TASK GOAL
For each record below, output its text exactly and skip any picture.

DATA PROVIDED
[Start of section]

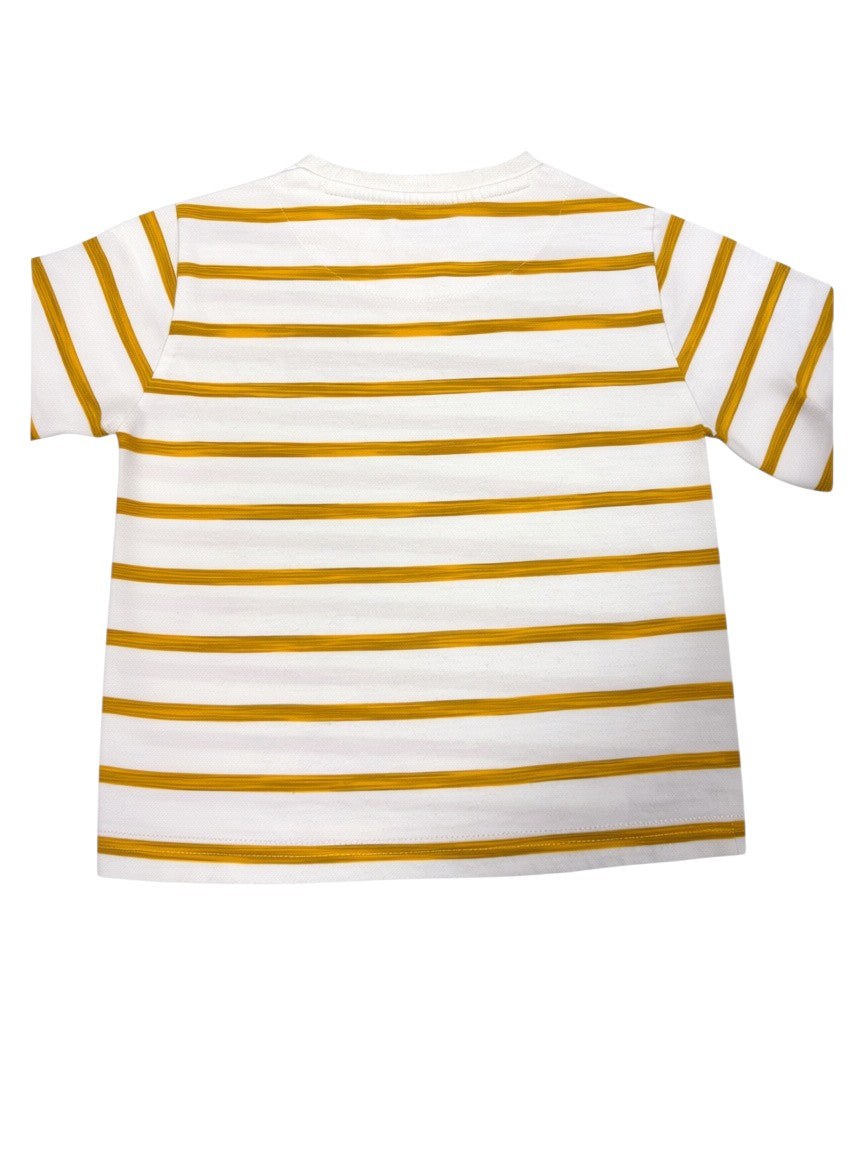 Mayoral Boys Cream & Mustard Striped Anchor Cotton Long-Sleeve T-Shirt, 3Y / 98 - second hand baby clothing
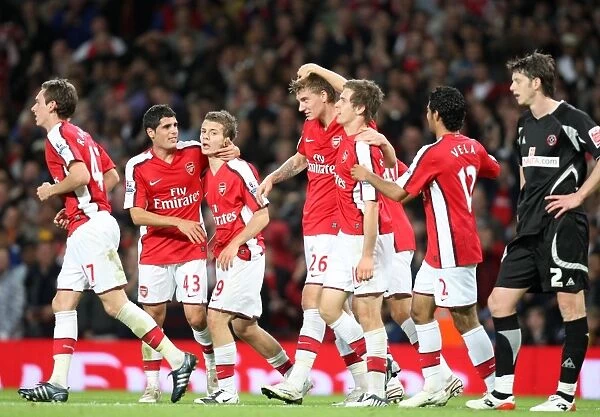Arsenal's Nicklas Bendtner and Aaron Ramsey Celebrate 6-0 Carling Cup Victory over Sheffield United
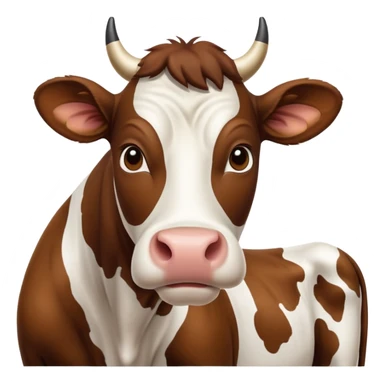 cinematic-noble-brown-and-white-cow-portrait-emoji,-poised-and-regal,-with-a-large,-sturdy-build-and-a-beautifully-patterned-hide-of-rich-brown-accented-by-crisp-white-patches,-deep-set-soulful-brown-eyes,-simplified-yet-sharp-and-sophisticated sticker
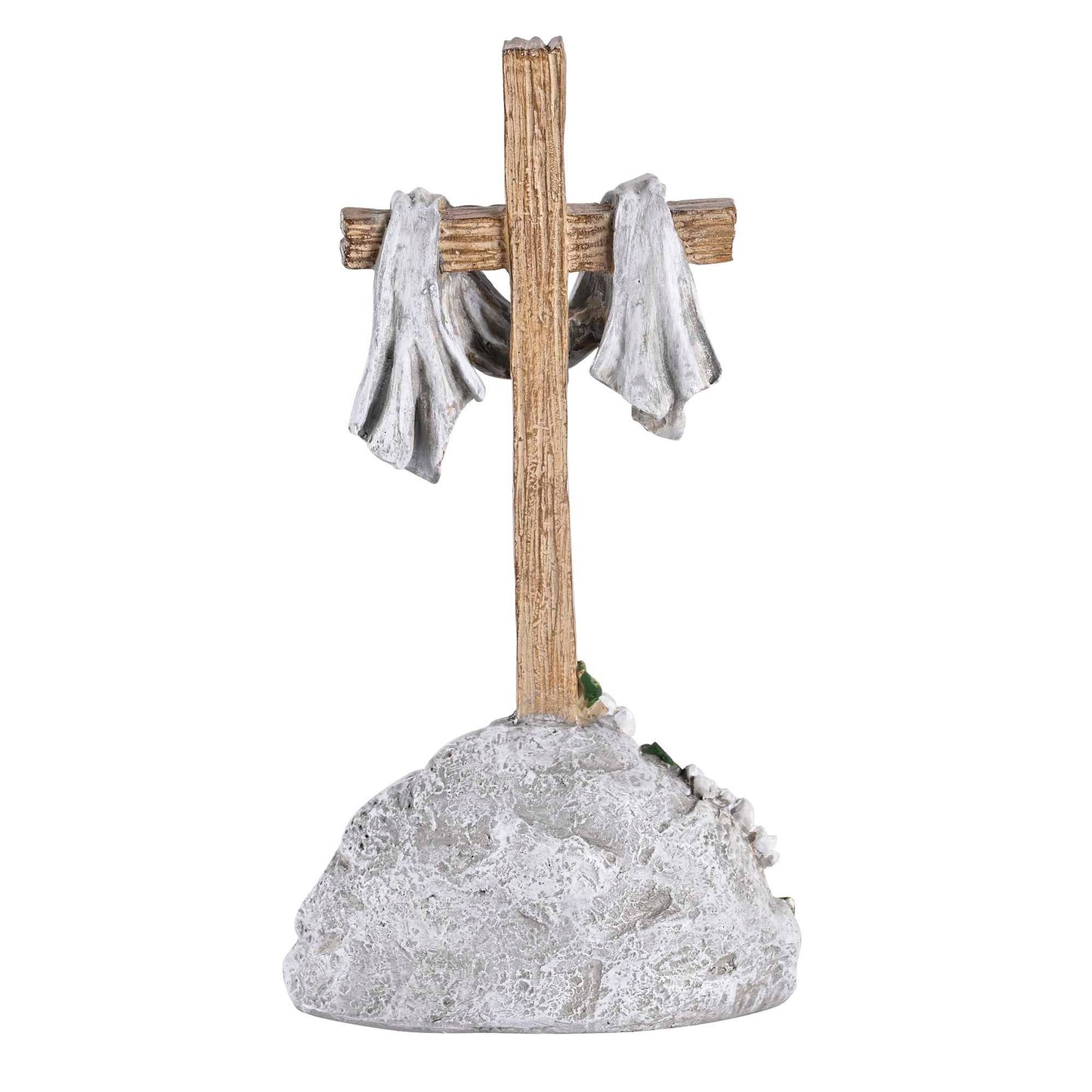 Tabletop Cross On Stone He Is Risen 7.5H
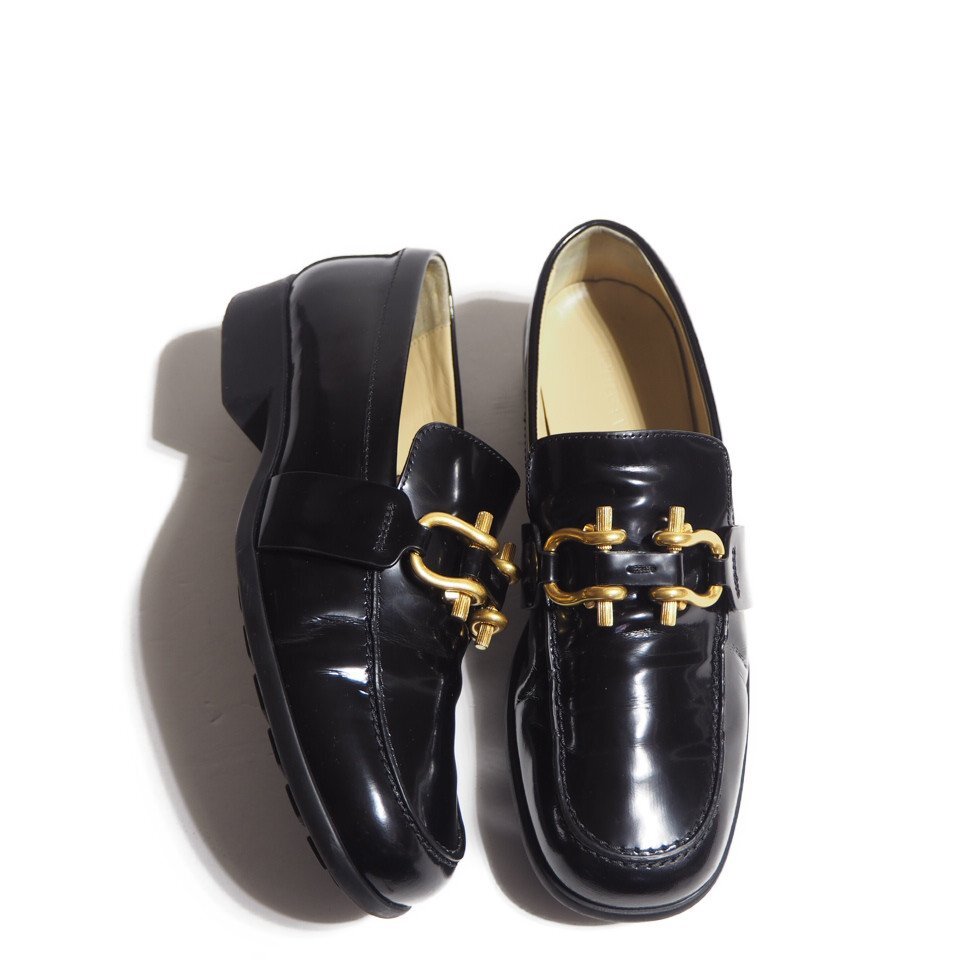 R6134R30 ▼BOTTEGA VENETA ボッテガヴェネタ▼ MONSIEUR/ムッシュ ローファー シューズ ブラック 38/24cm /レディース 黒拍卖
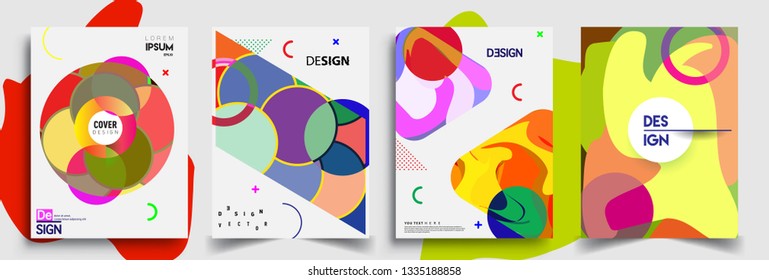 Modern abstract covers set. Cool gradient shapes composition, vector covers design.
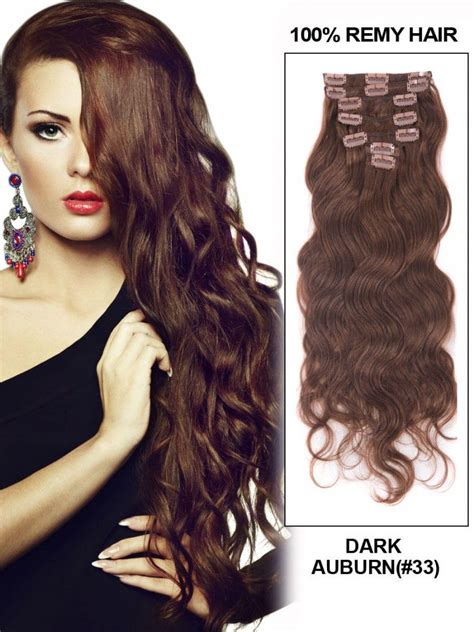 18 9pcs Dark Auburn 33 Wave Human Hair Clip In Extensions Clip In Hair Extensions Hair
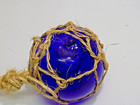 4  Hand Blown Cobalt Blue Glass Fishing Float Buoy Ball In Hanging Net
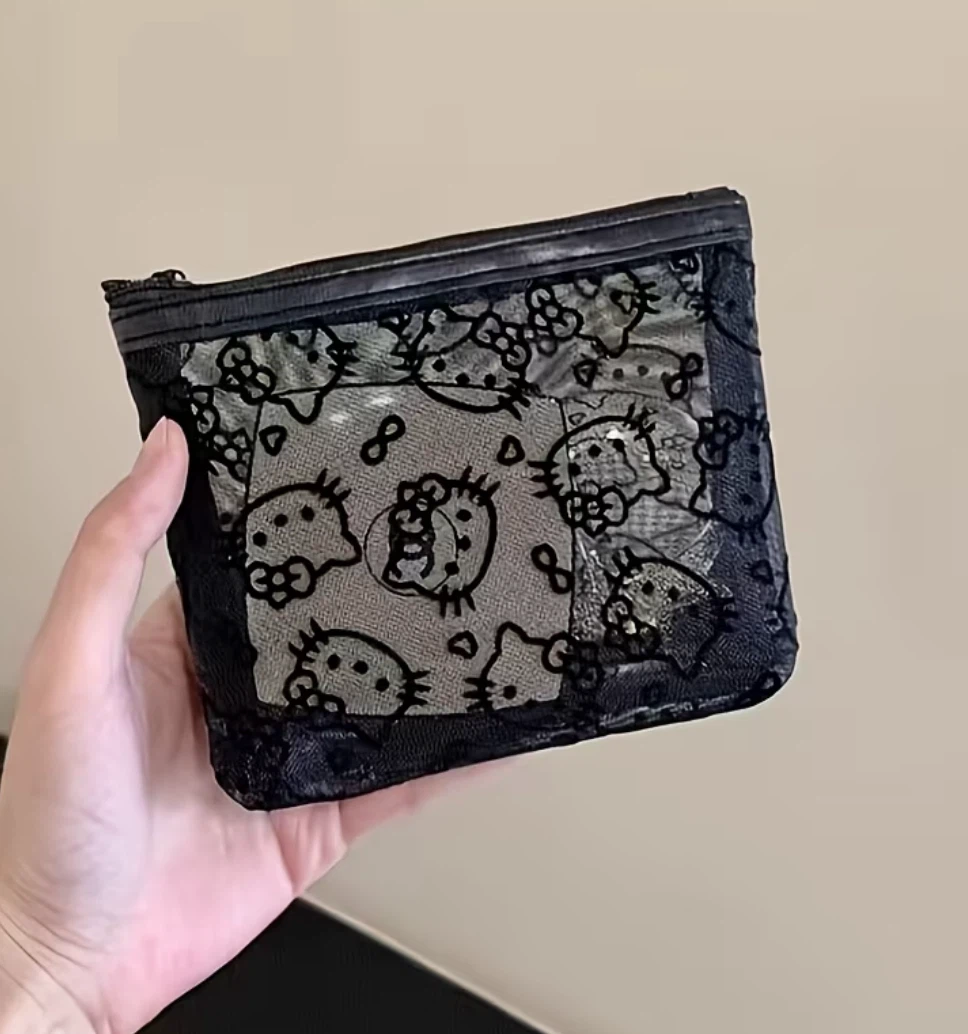 Kitty black mesh pouch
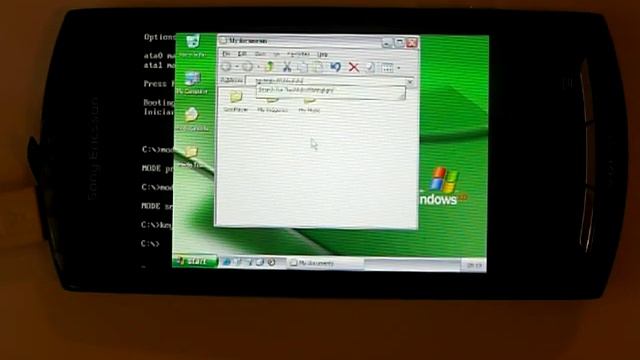 Windows on Android Xperia Neo phone with Qemu смотреть онлайн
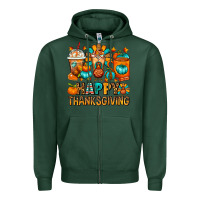Sports Green Happy Thanksgiving Coffee Cups Zipper Hoodie - FaDigitalArtStudio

[End of section]

TASK RESULT
 Mayoral Boys Cream & Mustard Striped Anchor Cotton Long-Sleeve T-Shirt, 3Y / 98 - second hand baby clothing
Arsenal's Nicklas Bendtner and Aaron Ramsey Celebrate 6-0 Carling Cup Victory over Sheffield United
 cinematic-noble-brown-and-white-cow-portrait-emoji,-poised-and-regal,-with-a-large,-sturdy-build-and-a-beautifully-patterned-hide-of-rich-brown-accented-by-crisp-white-patches,-deep-set-soulful-brown-eyes,-simplified-yet-sharp-and-sophisticated sticker
 Tabletop Cross On Stone He Is Risen 7.5H
 R6134R30 ▼BOTTEGA VENETA ボッテガヴェネタ▼ MONSIEUR/ムッシュ ローファー シューズ ブラック 38/24cm /レディース 黒拍卖
 Modern abstract covers set. Cool gradient shapes composition, vector covers design.
 18 9pcs Dark Auburn 33 Wave Human Hair Clip In Extensions Clip In Hair Extensions Hair
 4  Hand Blown Cobalt Blue Glass Fishing Float Buoy Ball In Hanging Net
 Kitty black mesh pouch
 Windows on Android Xperia Neo phone with Qemu смотреть онлайн
Sports Green Happy Thanksgiving Coffee Cups Zipper Hoodie - FaDigitalArtStudio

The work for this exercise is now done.